On Wed, 19 Sep 2012 23:27:55 -0700, ilovelinux wrote:
>> my $tempdir = tempdir( CLEANUP => 1 );
>> remove_tree($tempdir, { safe => 0 });
>
> Smells like somethnig weird in the Cygwin layer. I once encountered a
> similar error: the Cygwin perl script removed some files but they stayed
> visible from an Explorer view in another window, until the perl script
> finished: only then the removed files disappeared.
>
> Did you try removing the files by hand-crafted code? Something like
> this:
>
> for (glob("$tempdir/*")) {
> print "removing $_: ";
> if (unlink($_)) {
> print "OK\n";
> } else {
> print "ERR ($!)\n";
> }
> }
I even tried rm -rf and that didn't work, which I found rather surprising.
> Smells like somethnig weird in the Cygwin layer.
It turns out that in Cygwin paths starting with /tmp/ get magically
redirected to c:/cygwin/tmp/
I cannot imagine a universe where that would be a good idea, but
apparently the Cygwin authors thought it was.

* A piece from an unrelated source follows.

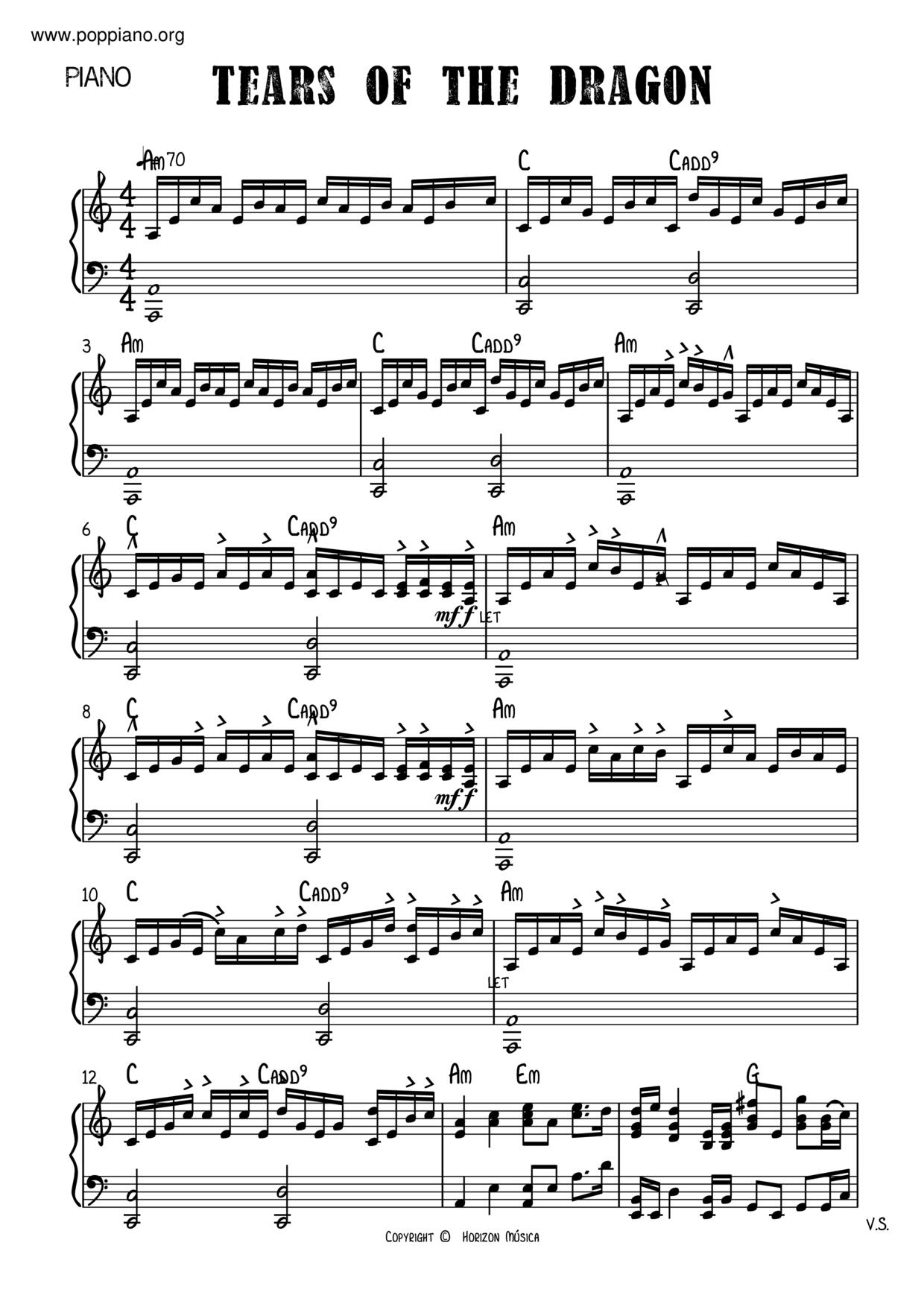 ☆ Bruce Dickinson-Tears Of The Dragon Sheet Music pdf, - Free Score  Download ☆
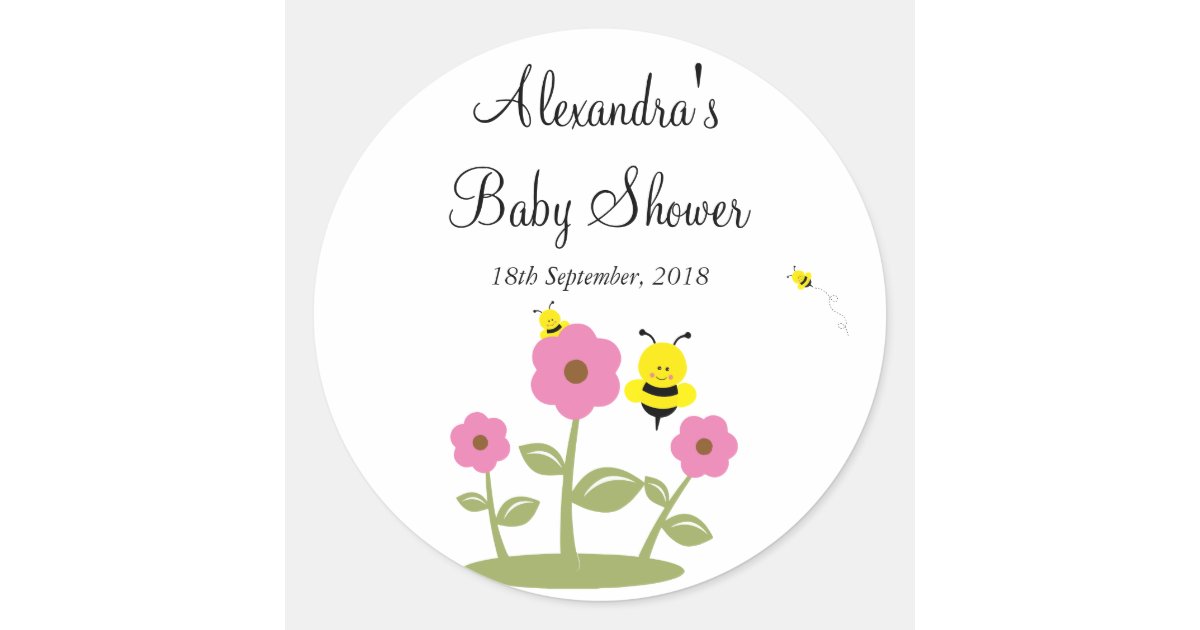Bumble Bee Baby Shower Favor Stickers Zazzle Com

tempdir returns /tmp/something, and this gets interpreted as
c:/tmp/something by some parts of my script and as
c:/cygwin/tmp/something by other parts of my script (including tempdir
itself).
tempdir does in fact clean up its directory, but not the directory I
thought it was using.
My ugly, non-portable and fragile workaround is to chdir to c: then
prepend the temp directory name with c: before I use it.